Cow slaughter through the week ending March 26 was down 4.5 percent compared to 2004. This reduction follows a decline of more than 10 percent in the slaughter of cows during this period in 2004 compared to 2003. This is strong evidence that the U.S. cow herd is in a building phase.

Cow inventories as well as all cattle inventories reached a low for this cycle in 2004. Therefore, we are in our second year of build-up in a new cattle production cycle.

Generally, cattle prices are quite strong during the build-up phase of a cattle cycle. In the last cycle, cattle numbers increased for 6 years. However, cattle prices were relatively strong for only 4 of the 6 years. One of the reasons cattle prices did not stay strong longer was weakness in beef demand.

During the first 4 to 5 years of the build-up during the last cycle, per capita demand for beef fell about 10 percent. During the last 6 years, beef demand increased about 15 percent or an average of 2.5 percent a year.

We are hopeful that beef demand will average a 1 percent increase per year for the next 5 to 6 years. If so, cattle prices will stay generally strong longer during this build-up period than they did in the last production cycle.

Feeder cattle prices are holding very strong but were probably close to the seasonal high in early April.

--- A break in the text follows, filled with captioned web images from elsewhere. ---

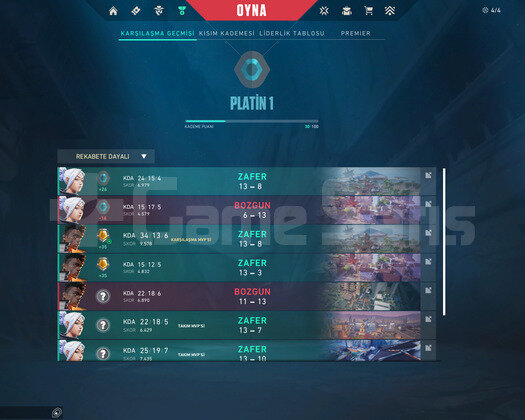 FULL MVP YUKSEK MMR PLAT 1 HESAP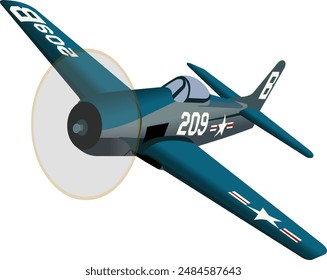 Illustration of a green World War Two fighter plane maneuvering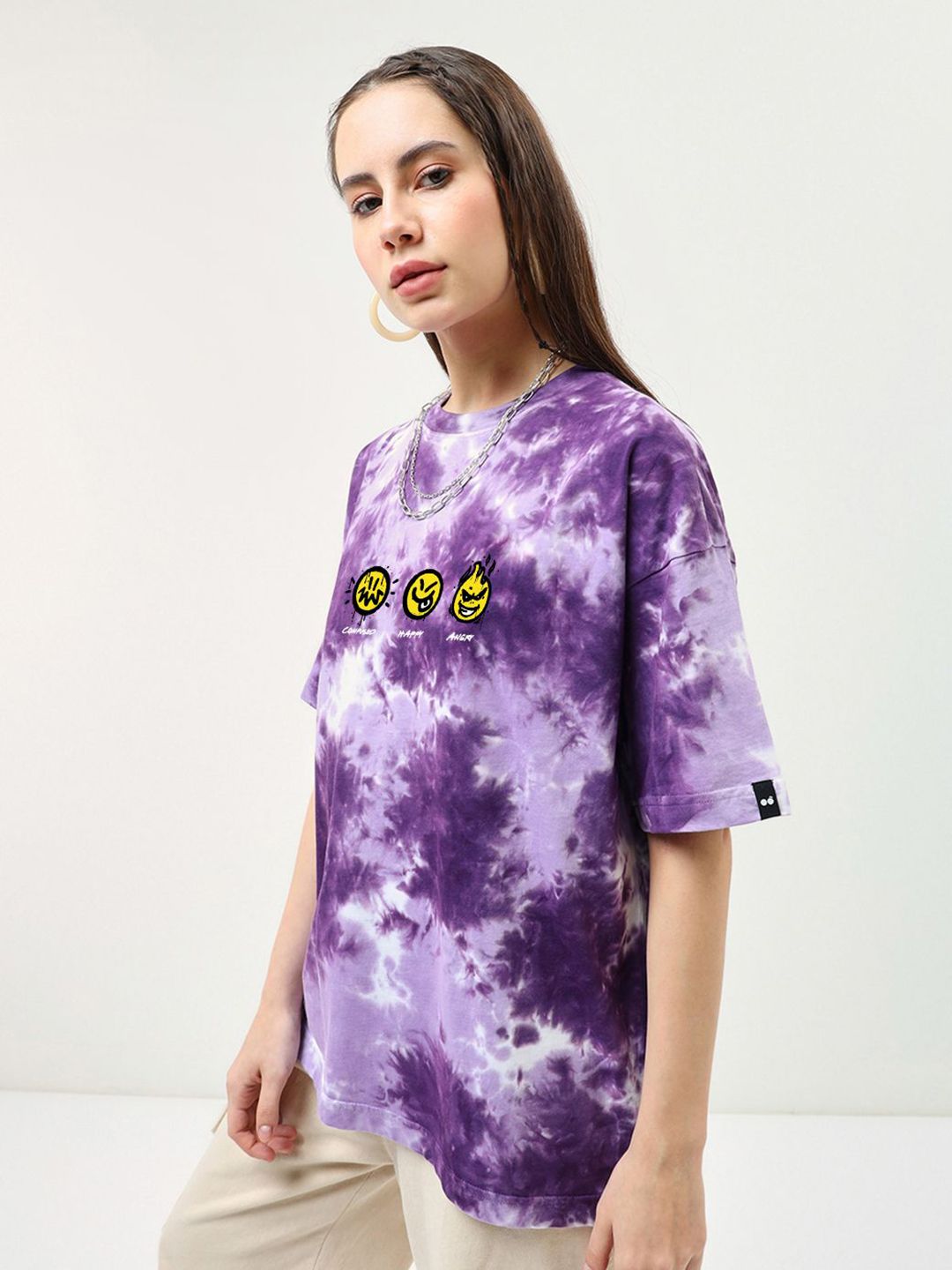 Bewakoof Women Tie And Dye Oversized T-shirt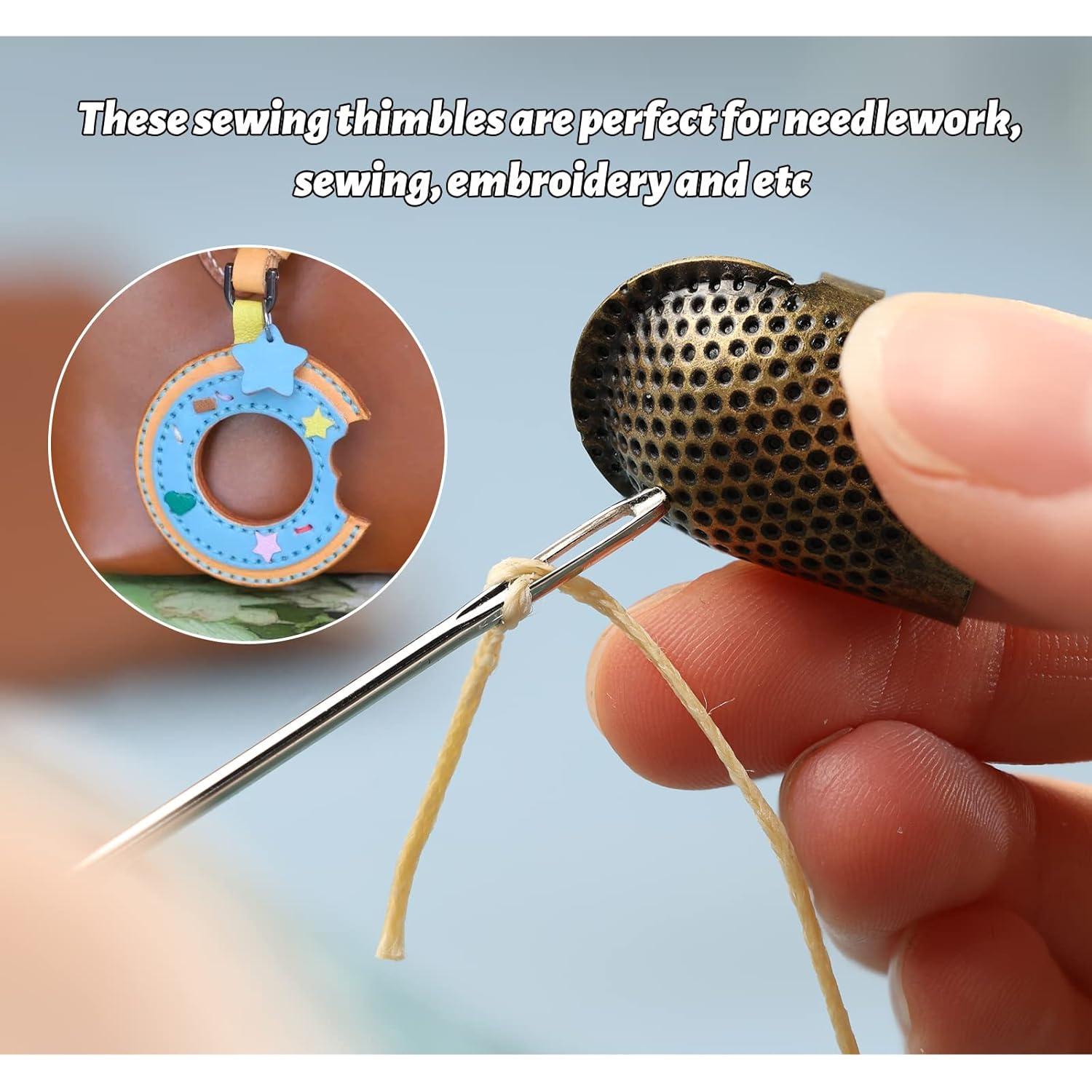 Juego de Dedales de Costura Yizzvb - 5 Piezas Ajustables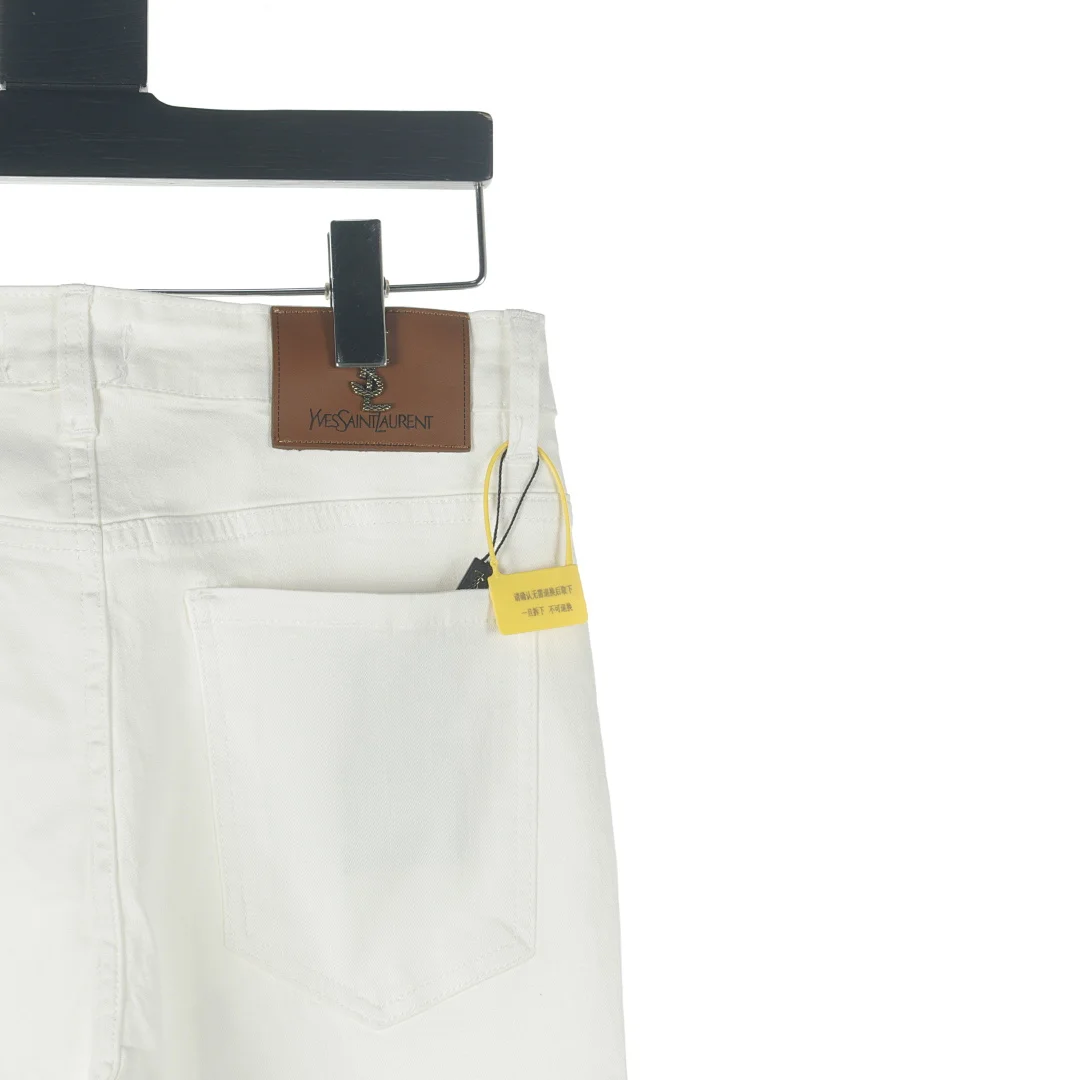 Saint Laurent (YSL) Jean slim/droit à motif monogramme YSL intégral en strass – White (9)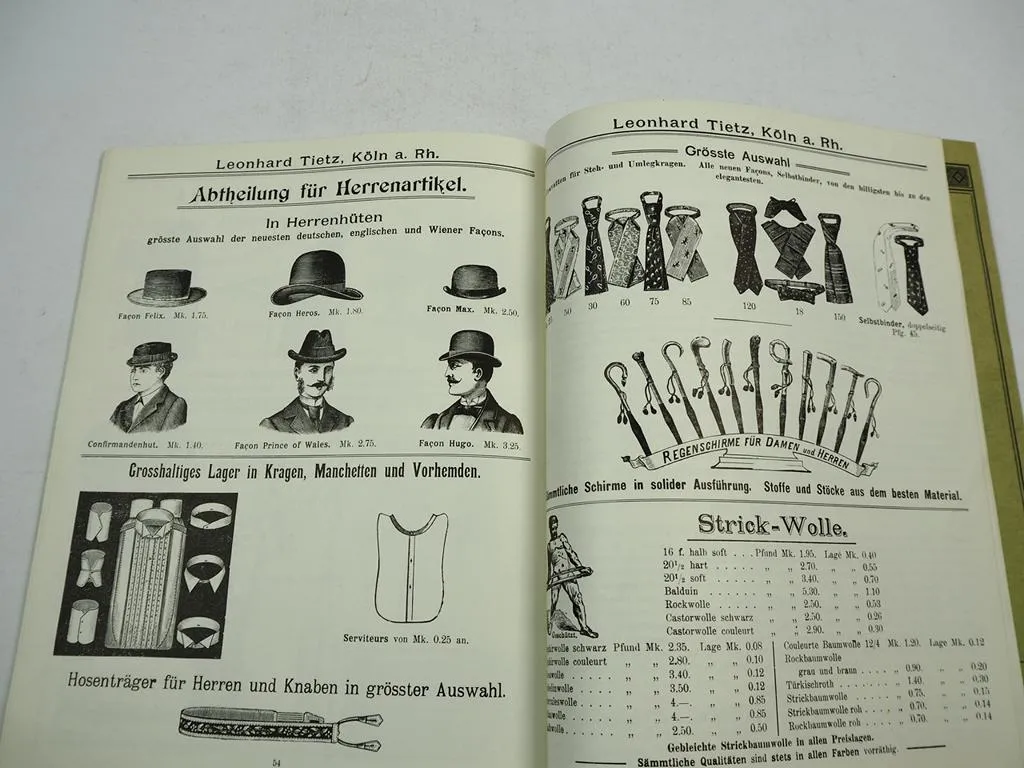 Katalog Verkaufshaus Leonhard Tietz Köln 1896 über Möbel Bedarfsartikel Haushalt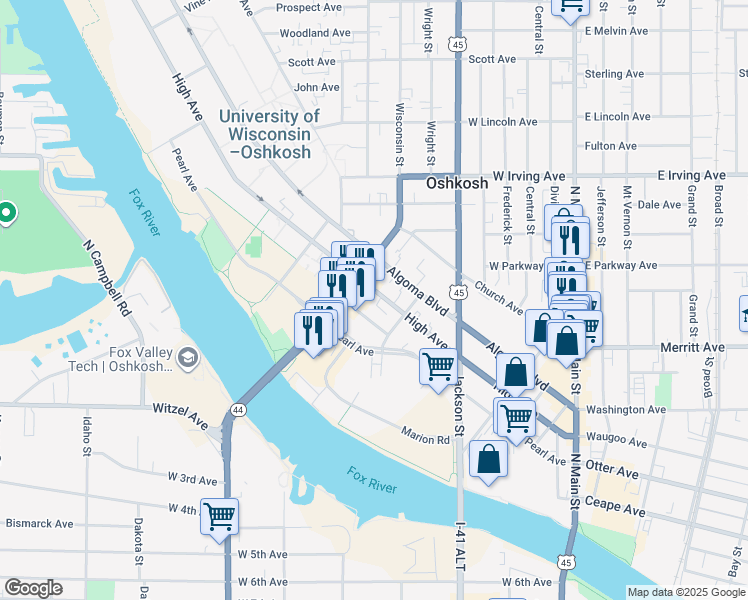 map of restaurants, bars, coffee shops, grocery stores, and more near 526 Campus Place in Oshkosh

For the week ending April 8, 400 to 500 lb. steers at Oklahoma City averaged $138.50 to $161 per cwt. and 700 to 800 lb. yearling steers sold for $104 to $120.50 per cwt. at the same market. When our border with Canada opens, feeder cattle prices are likely to be pushed down substantially.


SWINE

The March 1 Hogs and Pigs report showed the breeding herd at the same level as a year ago, and both the market herd and the total herd up 1 percent.

If hog slaughter for the remainder of 2005 stays close to the levels indicated by the March report, hog slaughter in 2005 will be up from 2004 by less than 1 percent.

If pork demand can be maintained at year-earlier levels through the year, hog prices will likely hold close to the 2004 average. There are some signs that pork demand may be softening some from the strong levels of 2004. We will have an estimate for the demand index for the first 3 months of 2005 in the next issue of this magazine.

In early April, the International Trade Commission ruled that U.S. hog producers were not being harmed by the importation of live hogs from Canada. We believe in free trade between countries, but we do not believe it is fair free trade between the U.S. and Canada. Canada has a whole-farm income support program that supports its hog producers during periods of low prices.

The Canadians have not reduced the size of their hog breeding herd since the mid-90's. They built their breeding herd through 1998 and 1999 and again through the very low prices of 2002 and 2003. Since Jan. 1, 2000, the Canadian breeding herd has increased over 22 percent. During that same period, the U.S. breeding herd declined 4 to 5 percent.

In our opinion, the only way this would occur is if Canadian hog producers had a source of income other than their hogs. The U.S. Commerce Department has verified that Canadian producers are subsidized but that the subsidies are not illegal. If these situations do not change, we are likely to continue to see a larger share of the North American hog breeding herd located north of the U.S./Canadian border.

The U.S. hog industry started 2005 on a very positive note as to international trade. Our January pork exports were up nearly 25 percent and pork imports were down more than 7 percent compared to January 2004.

In January, our pork exports were up to all of our major markets except Hong Kong and Taiwan, with the biggest increases in shipments to Russia, mainland China, and the Caribbean. We believe the odds are high for 2005 to be the fourteenth consecutive year of record high exports with an increase of 5 to 7 percent over 2004.

Feeder pig prices set new record highs in late winter/early spring. Pig prices are expected to continue strong through 2005 with a normal feed grain crop.